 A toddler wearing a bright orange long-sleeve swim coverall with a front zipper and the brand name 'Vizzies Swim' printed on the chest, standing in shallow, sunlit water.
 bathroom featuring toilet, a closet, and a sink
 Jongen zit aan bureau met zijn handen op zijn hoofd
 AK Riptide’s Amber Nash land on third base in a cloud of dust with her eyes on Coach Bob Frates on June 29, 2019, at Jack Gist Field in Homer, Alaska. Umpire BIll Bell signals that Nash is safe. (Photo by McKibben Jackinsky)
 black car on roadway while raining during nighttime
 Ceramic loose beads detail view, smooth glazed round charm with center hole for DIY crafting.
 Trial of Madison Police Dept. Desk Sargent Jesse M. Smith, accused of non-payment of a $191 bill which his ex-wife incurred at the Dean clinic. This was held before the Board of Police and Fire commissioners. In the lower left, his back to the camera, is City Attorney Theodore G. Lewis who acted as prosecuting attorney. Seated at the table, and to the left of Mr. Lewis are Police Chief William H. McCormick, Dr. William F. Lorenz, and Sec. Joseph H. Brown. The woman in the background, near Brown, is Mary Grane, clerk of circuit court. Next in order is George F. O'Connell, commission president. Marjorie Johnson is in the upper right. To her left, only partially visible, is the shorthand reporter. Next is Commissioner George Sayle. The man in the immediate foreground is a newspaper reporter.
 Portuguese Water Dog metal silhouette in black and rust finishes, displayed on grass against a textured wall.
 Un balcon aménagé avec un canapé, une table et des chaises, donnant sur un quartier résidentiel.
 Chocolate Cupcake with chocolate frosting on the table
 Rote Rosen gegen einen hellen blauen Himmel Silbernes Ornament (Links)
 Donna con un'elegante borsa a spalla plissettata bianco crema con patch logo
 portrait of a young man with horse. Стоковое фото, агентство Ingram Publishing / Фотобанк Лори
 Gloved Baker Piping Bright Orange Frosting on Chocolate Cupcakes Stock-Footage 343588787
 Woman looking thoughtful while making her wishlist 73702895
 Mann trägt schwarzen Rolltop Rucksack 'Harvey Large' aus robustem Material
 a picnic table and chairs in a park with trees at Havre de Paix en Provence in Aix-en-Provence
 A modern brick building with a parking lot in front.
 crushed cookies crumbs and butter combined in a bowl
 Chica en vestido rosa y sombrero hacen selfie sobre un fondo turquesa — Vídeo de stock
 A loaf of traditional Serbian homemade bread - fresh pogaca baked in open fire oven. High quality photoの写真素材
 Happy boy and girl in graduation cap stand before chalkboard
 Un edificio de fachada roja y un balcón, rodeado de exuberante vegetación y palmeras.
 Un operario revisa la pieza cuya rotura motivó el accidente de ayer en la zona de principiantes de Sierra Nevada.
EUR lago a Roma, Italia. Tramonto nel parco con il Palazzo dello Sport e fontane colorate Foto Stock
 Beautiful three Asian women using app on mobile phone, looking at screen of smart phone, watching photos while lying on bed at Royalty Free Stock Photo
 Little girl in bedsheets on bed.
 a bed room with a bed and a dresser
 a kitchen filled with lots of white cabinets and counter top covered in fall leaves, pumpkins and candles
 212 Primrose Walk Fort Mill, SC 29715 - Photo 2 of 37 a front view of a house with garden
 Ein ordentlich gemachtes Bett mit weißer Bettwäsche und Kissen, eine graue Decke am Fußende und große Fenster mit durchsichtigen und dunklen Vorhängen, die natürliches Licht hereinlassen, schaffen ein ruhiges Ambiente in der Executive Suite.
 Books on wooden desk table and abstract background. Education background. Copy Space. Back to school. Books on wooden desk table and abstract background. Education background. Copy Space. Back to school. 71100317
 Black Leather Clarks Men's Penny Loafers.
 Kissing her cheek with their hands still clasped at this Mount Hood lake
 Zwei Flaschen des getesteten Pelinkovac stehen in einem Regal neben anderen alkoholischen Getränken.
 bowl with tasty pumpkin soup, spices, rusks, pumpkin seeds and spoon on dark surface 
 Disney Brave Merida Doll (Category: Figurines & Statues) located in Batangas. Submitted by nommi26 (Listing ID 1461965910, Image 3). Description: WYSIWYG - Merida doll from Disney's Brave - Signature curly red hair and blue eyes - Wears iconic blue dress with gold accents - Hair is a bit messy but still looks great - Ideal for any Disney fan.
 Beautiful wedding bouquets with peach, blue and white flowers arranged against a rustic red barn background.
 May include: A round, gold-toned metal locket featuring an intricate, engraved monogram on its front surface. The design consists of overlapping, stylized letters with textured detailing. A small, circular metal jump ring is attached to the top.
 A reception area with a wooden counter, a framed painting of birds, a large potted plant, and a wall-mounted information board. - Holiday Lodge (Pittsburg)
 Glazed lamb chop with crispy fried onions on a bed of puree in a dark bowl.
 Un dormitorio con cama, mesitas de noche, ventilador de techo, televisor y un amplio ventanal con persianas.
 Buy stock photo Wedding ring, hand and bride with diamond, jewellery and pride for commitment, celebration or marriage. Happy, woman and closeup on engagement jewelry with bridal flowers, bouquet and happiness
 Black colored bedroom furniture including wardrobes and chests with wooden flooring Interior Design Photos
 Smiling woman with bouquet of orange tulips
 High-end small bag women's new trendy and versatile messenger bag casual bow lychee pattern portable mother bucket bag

**REQUIRED ACTION**
Copy the lines above exactly. Start with the line containing "a bed room with a bed and a dresser", end with the line containing "212 Primrose Walk", and include both.

**RESPONSE BOX**
 a bed room with a bed and a dresser
 a kitchen filled with lots of white cabinets and counter top covered in fall leaves, pumpkins and candles
 212 Primrose Walk Fort Mill, SC 29715 - Photo 2 of 37 a front view of a house with garden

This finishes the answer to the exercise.